Top of Source material

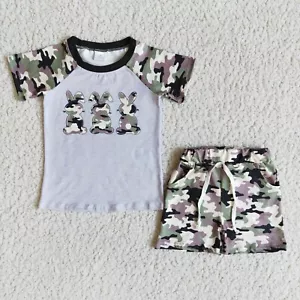 Jungen Camouflage Kurzarm Shorts Set 2 Teile Oster Outfit Hasen Print - Bild 1 von 1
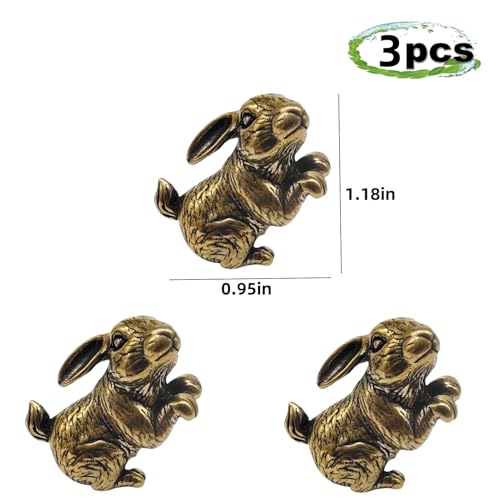 Brass Rabbit Decorative Hinge Toppers - Set of 3 Magnetic Door Accents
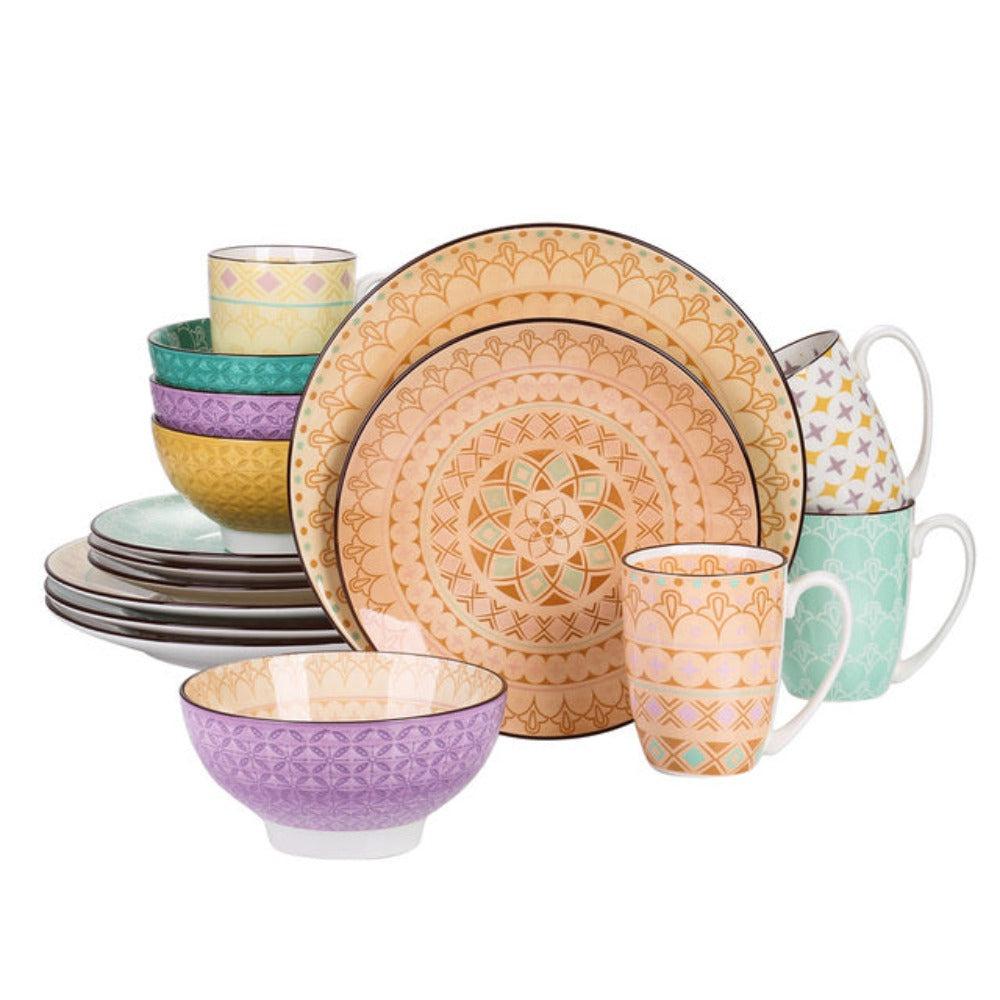 Lixra Multicolor Ornate Appealing Dinnerware Set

Bottom of Source material

Assignment: Repeat the listing word for word. Leave images out.

Written answer:
 Jungen Camouflage Kurzarm Shorts Set 2 Teile Oster Outfit Hasen Print - Bild 1 von 1
 Brass Rabbit Decorative Hinge Toppers - Set of 3 Magnetic Door Accents
 Lixra Multicolor Ornate Appealing Dinnerware Set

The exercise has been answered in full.